Shazia Ramzan has spent most of her young life fighting for her right – and the right of all girls – to go to school. In 2012, at the age of 14, sitting alongside her friend Malala Yousafzai on a bus that was going from school to her home, in the Swat valley in the north of Pakistan, she was shot at by an extremist intent on stopping girls from getting an education. She suffered injuries from which she, Malala and their friend Kainat took months to recover.

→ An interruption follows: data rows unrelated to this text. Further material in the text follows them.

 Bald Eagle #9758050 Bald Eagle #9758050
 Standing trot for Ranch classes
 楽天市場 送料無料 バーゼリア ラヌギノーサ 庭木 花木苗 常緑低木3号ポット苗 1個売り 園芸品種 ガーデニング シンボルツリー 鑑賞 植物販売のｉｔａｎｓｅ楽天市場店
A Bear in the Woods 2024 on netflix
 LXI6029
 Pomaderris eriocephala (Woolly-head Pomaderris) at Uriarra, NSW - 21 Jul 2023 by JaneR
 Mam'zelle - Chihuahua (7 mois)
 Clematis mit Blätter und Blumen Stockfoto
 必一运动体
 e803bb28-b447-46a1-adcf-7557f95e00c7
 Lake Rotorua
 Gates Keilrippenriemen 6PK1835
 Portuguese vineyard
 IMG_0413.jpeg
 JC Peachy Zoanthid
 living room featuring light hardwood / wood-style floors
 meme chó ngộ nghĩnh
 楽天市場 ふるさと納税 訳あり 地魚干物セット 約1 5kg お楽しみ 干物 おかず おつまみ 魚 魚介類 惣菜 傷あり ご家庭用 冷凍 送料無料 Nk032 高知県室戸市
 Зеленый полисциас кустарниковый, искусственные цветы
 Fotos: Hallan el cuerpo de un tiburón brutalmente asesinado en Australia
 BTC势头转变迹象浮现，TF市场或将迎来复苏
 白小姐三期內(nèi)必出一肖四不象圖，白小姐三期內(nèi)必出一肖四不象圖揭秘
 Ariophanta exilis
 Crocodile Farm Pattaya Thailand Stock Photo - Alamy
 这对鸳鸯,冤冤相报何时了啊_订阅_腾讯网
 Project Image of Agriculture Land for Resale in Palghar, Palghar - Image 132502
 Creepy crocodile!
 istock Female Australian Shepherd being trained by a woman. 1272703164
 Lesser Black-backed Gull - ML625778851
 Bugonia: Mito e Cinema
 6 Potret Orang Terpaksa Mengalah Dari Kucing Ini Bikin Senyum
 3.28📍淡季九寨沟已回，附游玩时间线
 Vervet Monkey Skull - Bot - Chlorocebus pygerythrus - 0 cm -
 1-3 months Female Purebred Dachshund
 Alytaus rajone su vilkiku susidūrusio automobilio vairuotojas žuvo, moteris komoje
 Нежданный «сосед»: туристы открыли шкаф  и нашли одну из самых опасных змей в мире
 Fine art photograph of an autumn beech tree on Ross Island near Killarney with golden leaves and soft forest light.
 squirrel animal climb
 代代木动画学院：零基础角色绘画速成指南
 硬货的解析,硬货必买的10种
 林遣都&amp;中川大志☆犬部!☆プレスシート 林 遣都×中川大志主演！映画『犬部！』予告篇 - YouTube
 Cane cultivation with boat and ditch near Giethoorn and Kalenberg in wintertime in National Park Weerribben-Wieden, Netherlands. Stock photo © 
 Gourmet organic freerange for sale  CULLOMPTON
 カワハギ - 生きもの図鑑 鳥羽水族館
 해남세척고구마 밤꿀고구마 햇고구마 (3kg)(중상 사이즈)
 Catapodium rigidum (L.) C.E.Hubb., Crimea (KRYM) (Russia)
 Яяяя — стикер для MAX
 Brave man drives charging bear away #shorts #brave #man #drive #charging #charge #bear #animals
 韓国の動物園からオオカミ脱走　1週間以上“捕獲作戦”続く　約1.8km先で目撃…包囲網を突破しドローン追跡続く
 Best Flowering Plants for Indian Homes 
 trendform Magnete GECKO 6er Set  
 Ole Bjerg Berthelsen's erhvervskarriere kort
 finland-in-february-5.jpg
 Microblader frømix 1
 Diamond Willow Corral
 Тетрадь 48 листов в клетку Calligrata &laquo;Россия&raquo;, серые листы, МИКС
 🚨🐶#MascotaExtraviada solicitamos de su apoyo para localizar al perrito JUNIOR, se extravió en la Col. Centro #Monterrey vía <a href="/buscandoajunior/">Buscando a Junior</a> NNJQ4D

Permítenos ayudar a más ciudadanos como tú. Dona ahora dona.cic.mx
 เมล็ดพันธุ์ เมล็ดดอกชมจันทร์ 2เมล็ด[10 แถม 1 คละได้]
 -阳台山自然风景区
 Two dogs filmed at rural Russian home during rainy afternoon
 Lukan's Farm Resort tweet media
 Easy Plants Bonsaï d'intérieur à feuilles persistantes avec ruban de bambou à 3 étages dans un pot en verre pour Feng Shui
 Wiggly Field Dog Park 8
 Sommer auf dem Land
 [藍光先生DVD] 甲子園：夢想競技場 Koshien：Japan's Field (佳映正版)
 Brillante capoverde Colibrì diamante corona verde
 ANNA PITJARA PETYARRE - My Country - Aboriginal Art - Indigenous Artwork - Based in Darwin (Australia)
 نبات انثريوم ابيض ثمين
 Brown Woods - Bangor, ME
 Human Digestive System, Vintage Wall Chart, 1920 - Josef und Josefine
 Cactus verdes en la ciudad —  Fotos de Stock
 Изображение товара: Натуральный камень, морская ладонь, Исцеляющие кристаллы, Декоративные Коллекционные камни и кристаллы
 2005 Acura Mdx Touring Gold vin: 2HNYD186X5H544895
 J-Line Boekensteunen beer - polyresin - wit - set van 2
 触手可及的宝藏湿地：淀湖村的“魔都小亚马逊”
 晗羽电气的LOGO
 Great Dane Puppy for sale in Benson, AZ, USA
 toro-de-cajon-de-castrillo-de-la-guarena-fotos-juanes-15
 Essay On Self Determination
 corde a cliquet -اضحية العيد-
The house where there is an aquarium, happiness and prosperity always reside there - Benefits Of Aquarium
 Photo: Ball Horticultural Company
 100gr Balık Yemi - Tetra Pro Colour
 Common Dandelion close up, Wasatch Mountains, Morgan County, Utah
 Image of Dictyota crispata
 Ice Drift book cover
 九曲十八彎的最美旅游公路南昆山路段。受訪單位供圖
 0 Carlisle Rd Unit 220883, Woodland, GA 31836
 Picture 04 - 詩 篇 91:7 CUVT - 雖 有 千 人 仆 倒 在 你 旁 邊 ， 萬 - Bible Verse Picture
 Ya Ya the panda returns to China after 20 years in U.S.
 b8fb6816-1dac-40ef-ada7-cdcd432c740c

After completing a nursing degree at Edinburgh University, and preparing to start her own nurses’ training school in Pakistan, Shazia almost always has the needs of girls in her home area in her thoughts. In her time between classes, she is raising funds for Pakistani charities that are quietly but effectively helping Afghan girls who have been losing out on their education since the Taliban shut them out of the country’s secondary schools.

Girls in Afghanistan are also at risk of punishment beatings if they attend underground schools run by their parents and teachers.

Around 42 million girls, do not go to school at all, while the others are suffering so many disruptions in their education that they fail to acquire even the most basic literacy and numeracy skills.